> **Brief**: Without the pictures, restate all of the data below word for word.

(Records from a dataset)
+++++
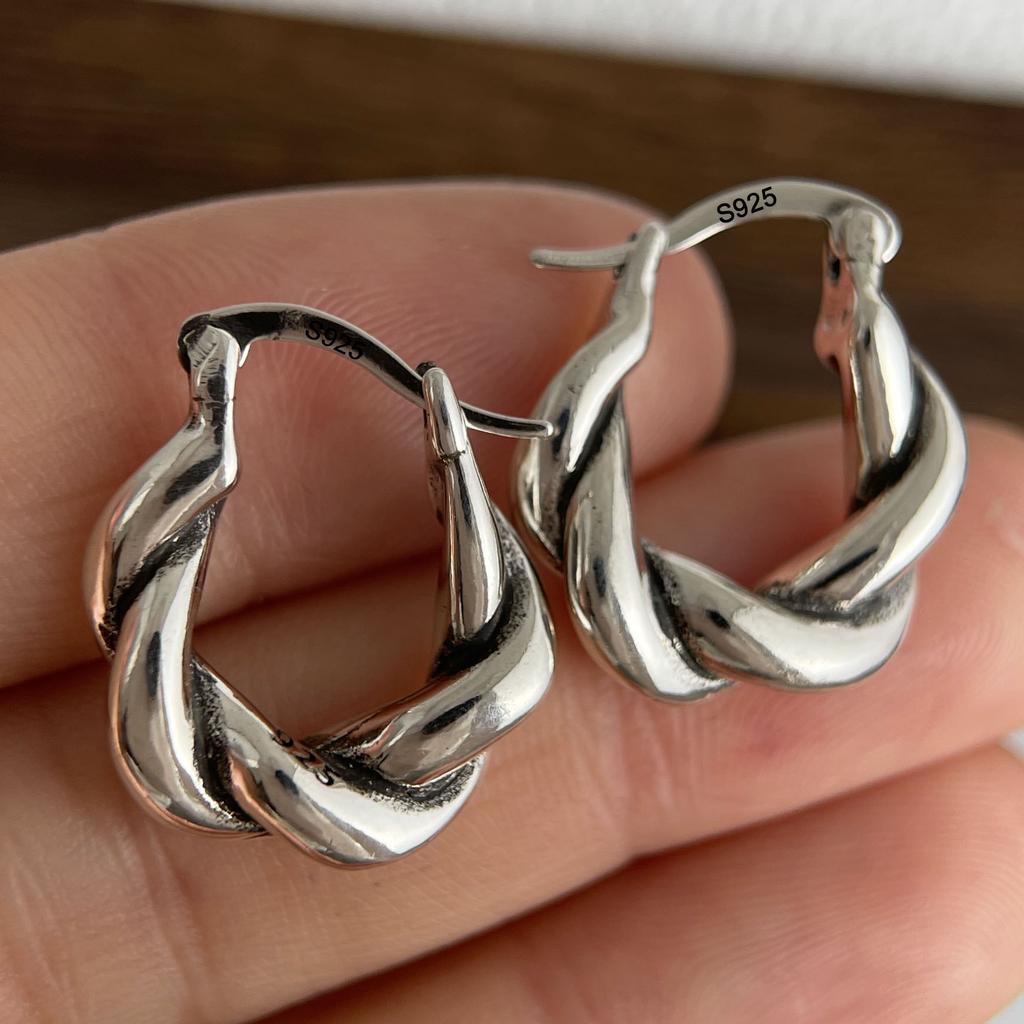 925 Sterling Silver Earrings For Women Trendy Vintage Twist Earring Jewelry Prevent Allergy Party Accessories Gift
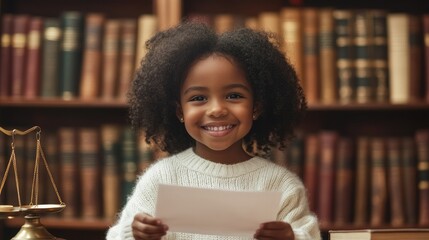 Cute dark skinned child smiling and holding court paper on table scales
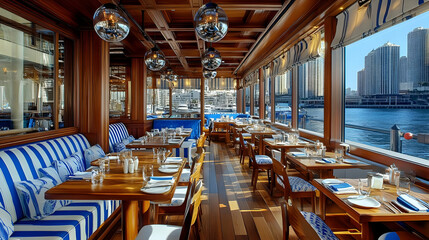 Fototapeta premium Upscale Waterfront Restaurant with Stunning City Views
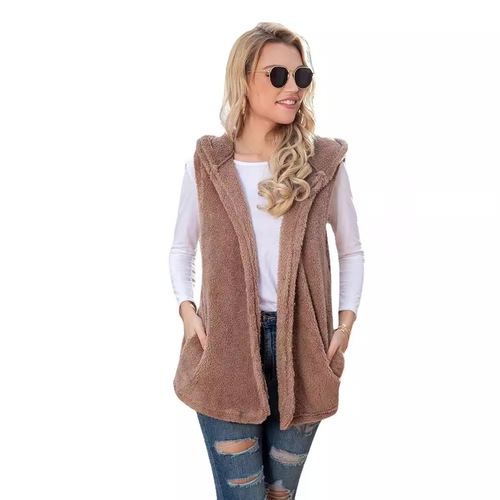 Amazon eBay 2025 Autumn/Winter New Bestselling Long-Length European and American Solid Color Hooded Vest Plush Jacket Women's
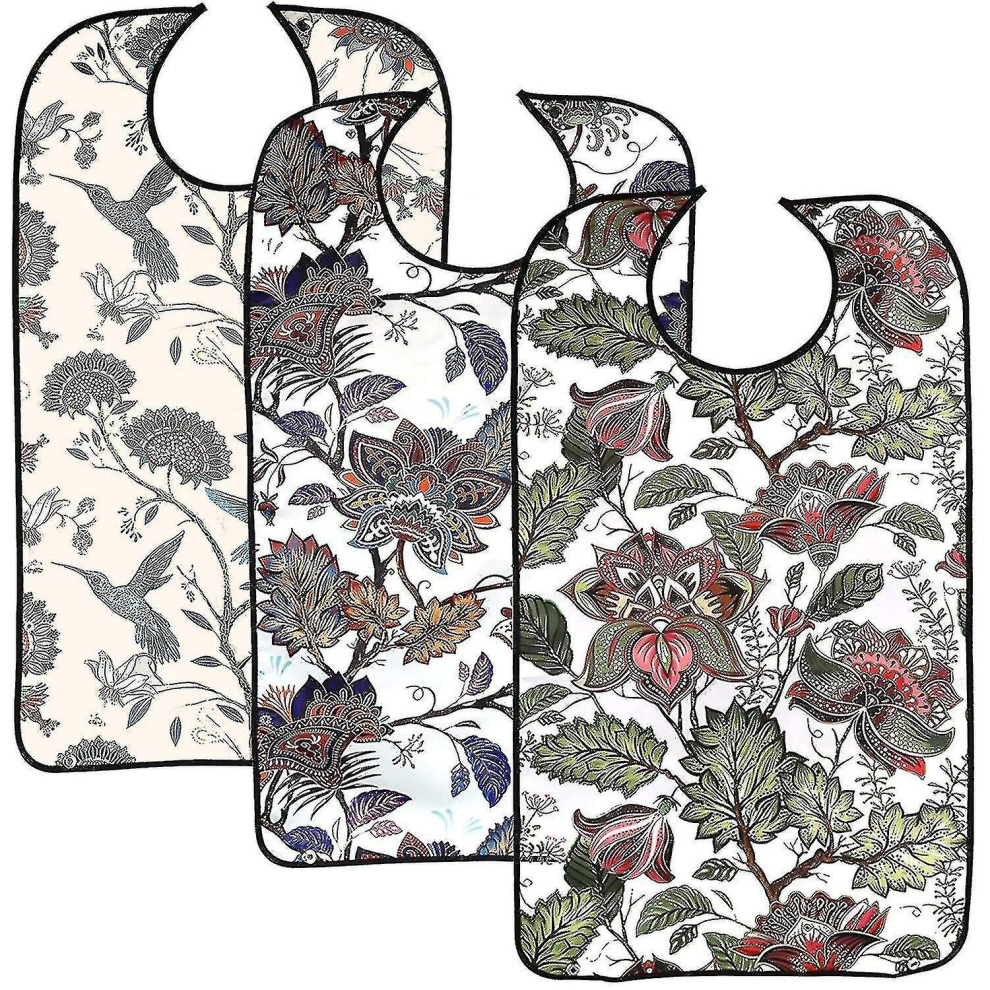 3 Pack Adult Bibs For Eating, Adult Bibs With Crumb Catcher,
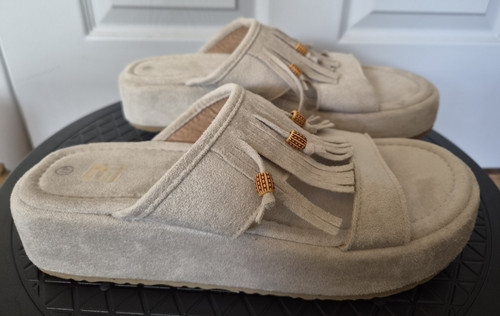 Beige faux suede - beige,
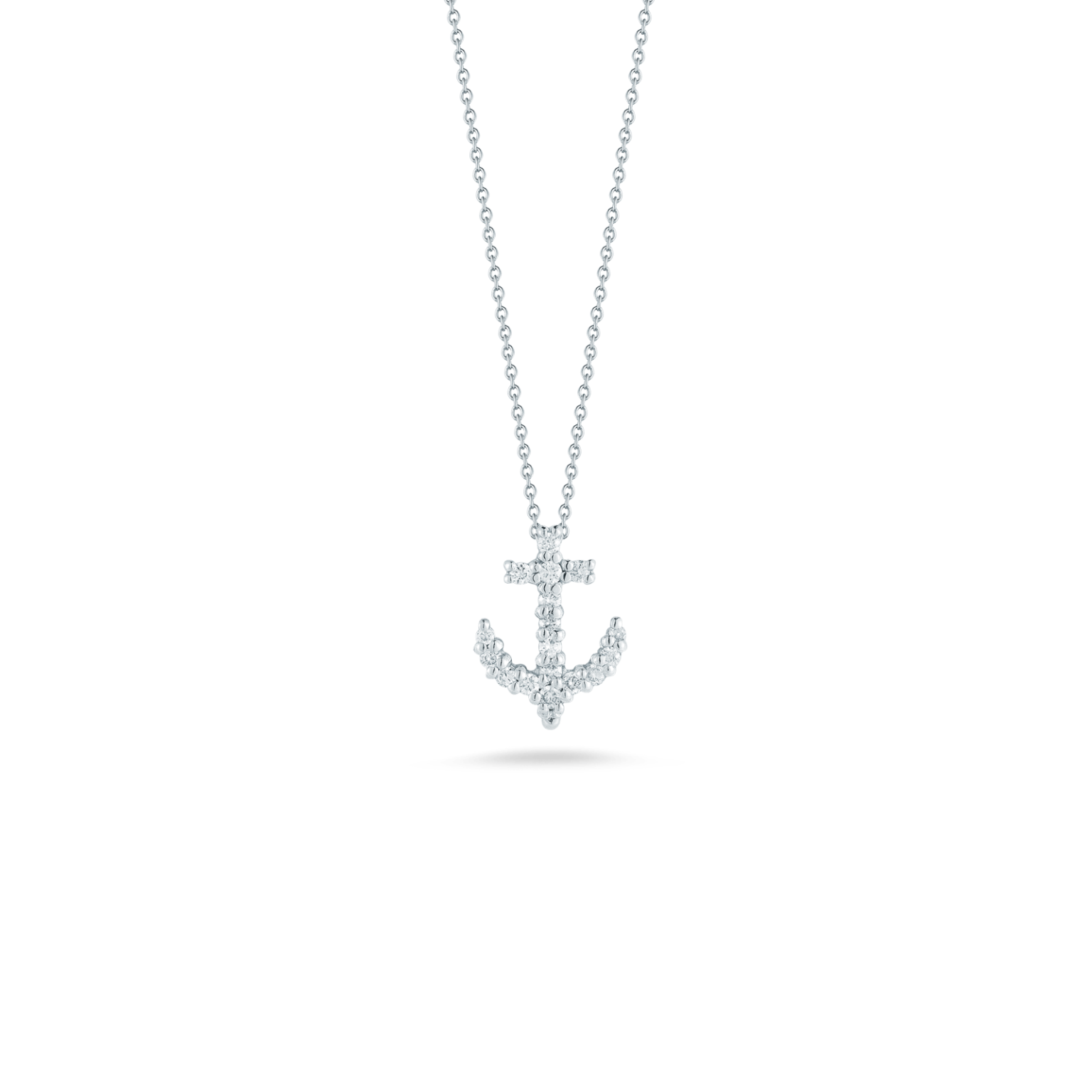 Roberto Coin Necklaces and Pendants Roberto Coin 18k White Gold Tiny Treasures Diamond Anchor Necklace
+++++
> **Solution for this task**:
 925 Sterling Silver Earrings For Women Trendy Vintage Twist Earring Jewelry Prevent Allergy Party Accessories Gift
 Cute dark skinned child smiling and holding court paper on table scales
 Fototapeta premium Upscale Waterfront Restaurant with Stunning City Views
 Amazon eBay 2025 Autumn/Winter New Bestselling Long-Length European and American Solid Color Hooded Vest Plush Jacket Women's
 3 Pack Adult Bibs For Eating, Adult Bibs With Crumb Catcher,
 Beige faux suede - beige,
 Roberto Coin Necklaces and Pendants Roberto Coin 18k White Gold Tiny Treasures Diamond Anchor Necklace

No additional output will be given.